Wait until the soil is sufficiently warm before planting. Seeds generally germinate poorly in cold wet soils. In addition, transplants will fail to thrive unless the weather is sufficiently warm. All melons are particularly susceptible to frost.

One way to warm the soil up earlier is to apply plastic or fabric mulch several weeks prior to planting time. Holes should be cut for the plants or seeds at planting time.

For best results, the soil should be just moist to the touch at planting time. For direct sowing, wait until the ground is 70 to 75 degrees Fahrenheit. Generally, most melon seeds should be planted ¼ to ½ inch deep. The exception is watermelon seeds, which should be sown ½ to an inch deep, depending on soil type.

Plant three seeds per hill or planting hole.

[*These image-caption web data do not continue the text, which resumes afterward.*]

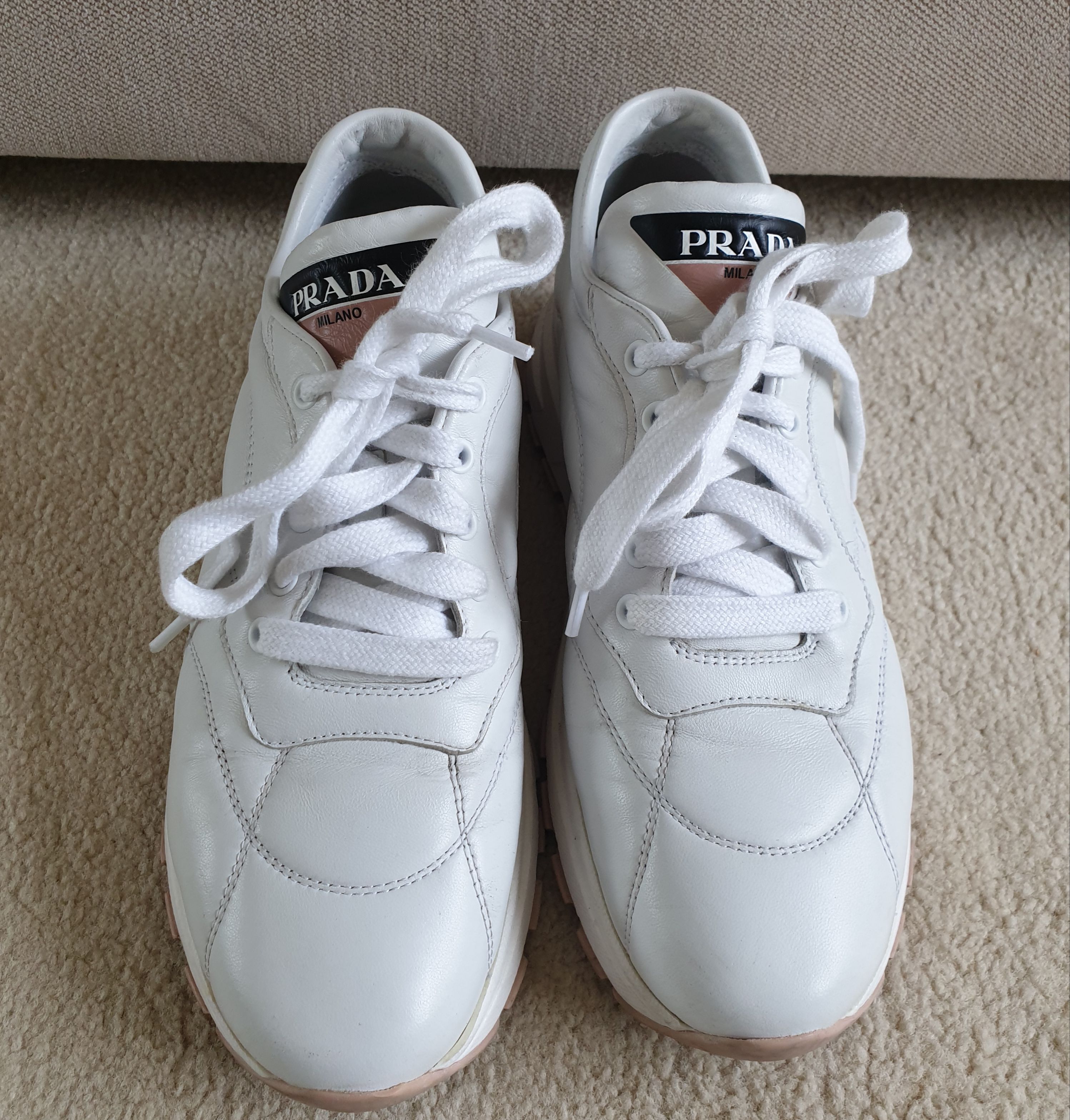 Prada White Quilted Leather Sneakers | HEWI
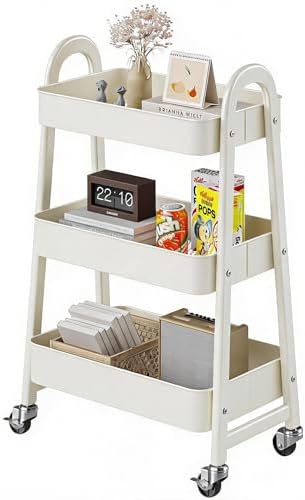 DUMOS 3 Tiers Rolling Cart, Utility Cart, Storage Organizer by DumosLifestyle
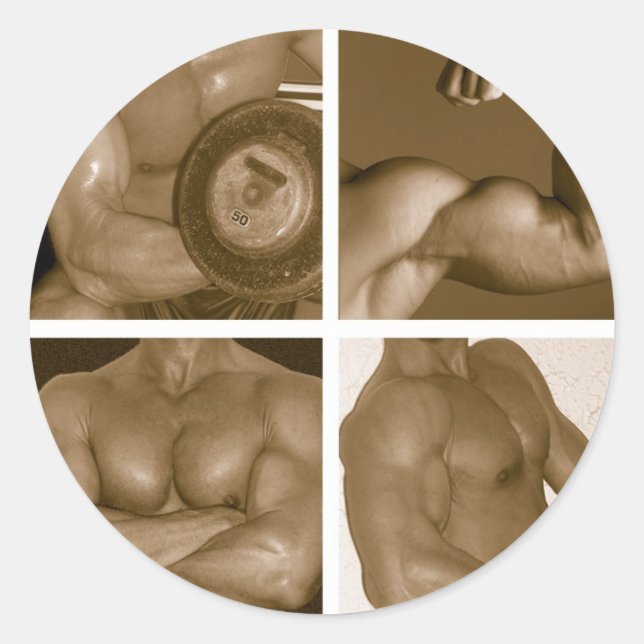Muscle Flex: www.AriesArtist.com Classic Round Sticker (Front)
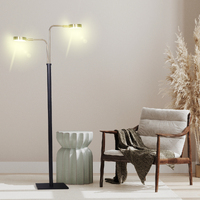Sarantino LED Metal Floor Lamp with 2 Lights in Brushed Gold and Black Finish thumbnail
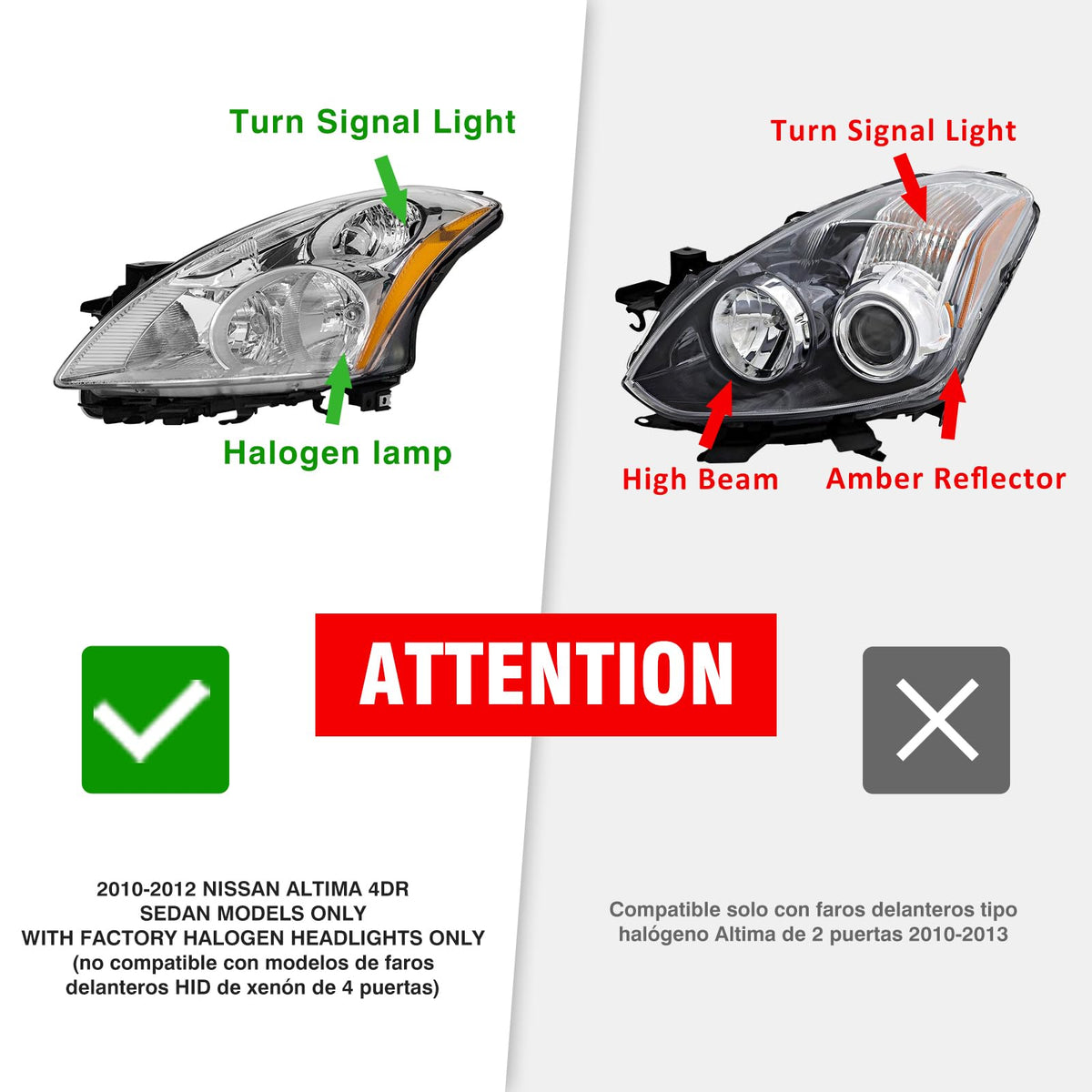 ADCARLIGHTS installed on passenger side of Altima, shows matched left and right symmetry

Later, thin to one, leaving the strongest plant in place.

For melons, the spacing varies according to the variety being grown. Large varieties need lots of space—sometimes as much as ten feet in all directions. The medium sized and small bush-type varieties can be spaced six to eight feet in rows that are three to four feet apart or in hills with two or three seeds per hill. Muskmelons are generally planted 1 to 1½ feet apart in rows that are five to six feet apart.

For watermelons, allow around 36 to 100 square foot of space per hill for each plant. If planting in rows, allow six to eight feet between rows.

Before sowing the seeds or planting transplants, prepare the planting hole by adding a balanced fertilizer to the soil. Rotted manure, compost, or other similar soil amendment can also be applied before planting.

Gardeners in zone six or warmer can direct sow melons. This can be done a week or so after the last frost date. But, this does depend upon on how quickly the soil warms up in the spring. Those in cold climates can start seeds early indoors several weeks before the date of the average last frost. Another option
is to purchase transplants.

Start the seeds in peat pellets or peat pots or some other container where the roots won’t be disturbed during transplanting. Place three seeds in each pot, later thinning by snipping the two weakest plants off at the soil surface. The seedlings will grow best at 80 degrees Fahrenheit or higher. Never allow the potting soil to dry out.

Although it isn’t commonly done, melons can be grown on trellises or other support. This is a space saving option for small gardens. Suitable varieties include Granny or Queen Anne Pock muskmelon.

The germination time for melons is generally pretty fast. Sometimes, it only takes three to four days.